In Texas, hundreds of additional flights were canceled once more, though fewer than in previous days. However, by Friday, an Arctic cold front from Canada is expected to move into the northern Plains, Upper Midwest, and Northeast, bringing with it yet another blizzard to the United States. According to the National Weather Service, the front is anticipated to bring snow and wind chills below minus 50 (minus 45 Celsius) to northern New England.
PowerOutage, a website that monitors utility reports, reports that more than 416,000 Texas customers were without power early on Thursday.
The outages were most widespread in Austin, where more than 150,000 customers became increasingly dissatisfied over the course of more than 24 hours following the outage of their heat and electricity. For many, it was the second time in three years that a deep freeze in February resulted in prolonged blackouts and uncertainty regarding when power would be restored.

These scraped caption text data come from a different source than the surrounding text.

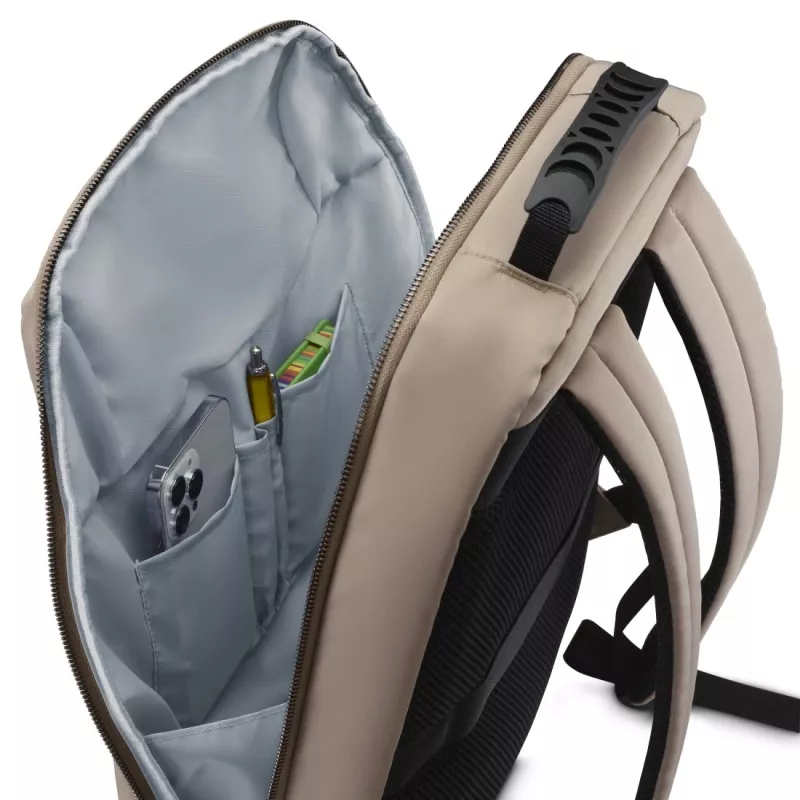 Mochila Hama 00222046 bege poliéster reciclado
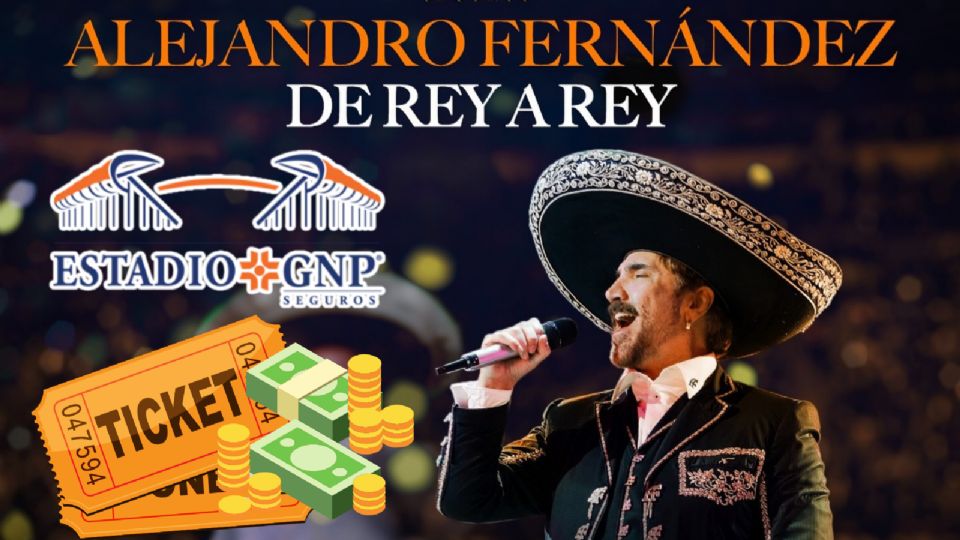 Boletos para el concierto de Alejandro Fernández en el Estadio GNP Seguros de la CDMX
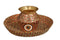 Brass Parat and lota set, Brass Plate and lota handcrafted meenakari design, Pooja thali Lota set for marrage gift item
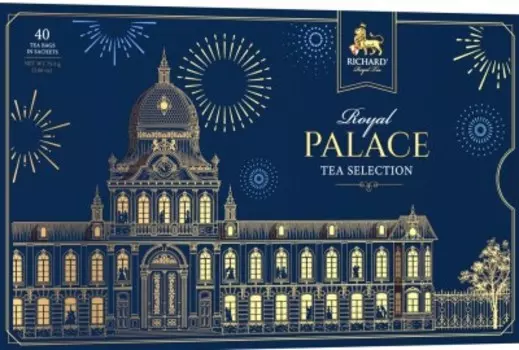 Чай ричард дворцовый выбор ассорти 75, 5 г (40 сашет) зима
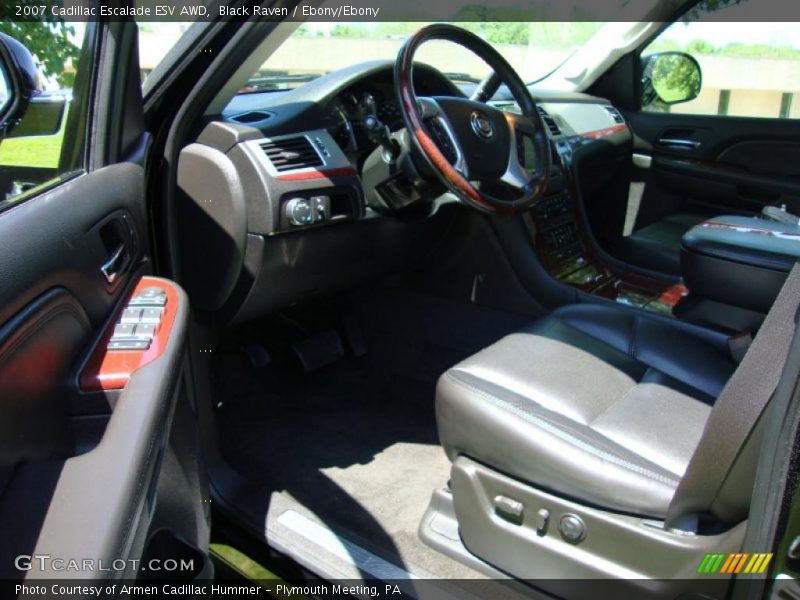 Black Raven / Ebony/Ebony 2007 Cadillac Escalade ESV AWD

In contrast to the blackouts that occurred in Texas in 2021, in which hundreds of people perished as the state's grid was brought to the brink of total failure due to a lack of generation, the outages that occurred in Austin this time were primarily caused by frozen equipment and trees falling on power lines. Even though repairs were finished elsewhere, the city utility warned that all power might not be restored until Friday because ice continued to cause new outages.
Jackie Sargent, Austin Energy's general manager, stated, "It feels like two steps forward and three steps back."
As snow, sleet, and freezing rain continued to move through, schools in the Dallas and Austin area, as well as many in Oklahoma, Arkansas, and Memphis, Tennessee, remained closed on Thursday. A statement from Dallas Area Rapid Transit said that early on Thursday, public transportation in Dallas also experienced "major delays."
In order to keep runways open, airport workers fought ice. More than 500 flights at Dallas-Fort Worth International Airport had been canceled by airlines by Thursday morning, accounting for more than a quarter of the day's scheduled flights. Nonetheless, FlightAware.com reported that this was a decrease from the approximately 1,300 cancellations on Wednesday and the over 1,000 on Tuesday.
At Austin-Bergstrom International Airport and Dallas Love Field, dozens more flights were canceled on Thursday.
Winter weather warnings and watches extended from the Mexico-West Texas border through Oklahoma, Arkansas, Louisiana, western Tennessee, and northern Mississippi. Additionally, New Englanders were warned during a Thursday briefing with the federal Weather Prediction Center that wind chills in the minus 50s "could be the coldest felt in decades"—the effect of wind and cold air on exposed skin.
According to an advisory from the National Weather Service office in Caribou, Maine, the strong winds and the cold air will result in wind chills "rarely seen in northern and eastern Maine."
According to Jay Broccolo, director of weather operations at a Mount Washington observatory in New Hampshire that held the world record for the fastest wind gust for decades, wind speeds could reach 100 mph (160 kph) on Thursday.
Broccolo stated, "We take safety very seriously in the higher summits, and even by our standards, this weekend's forecast looks pretty gnarly."
Since Monday, at least nine people have died as a result of dangerous road conditions, seven of them in Texas and one each in Oklahoma and Arkansas. People were urged not to drive by Texas Gov. Greg Abbott.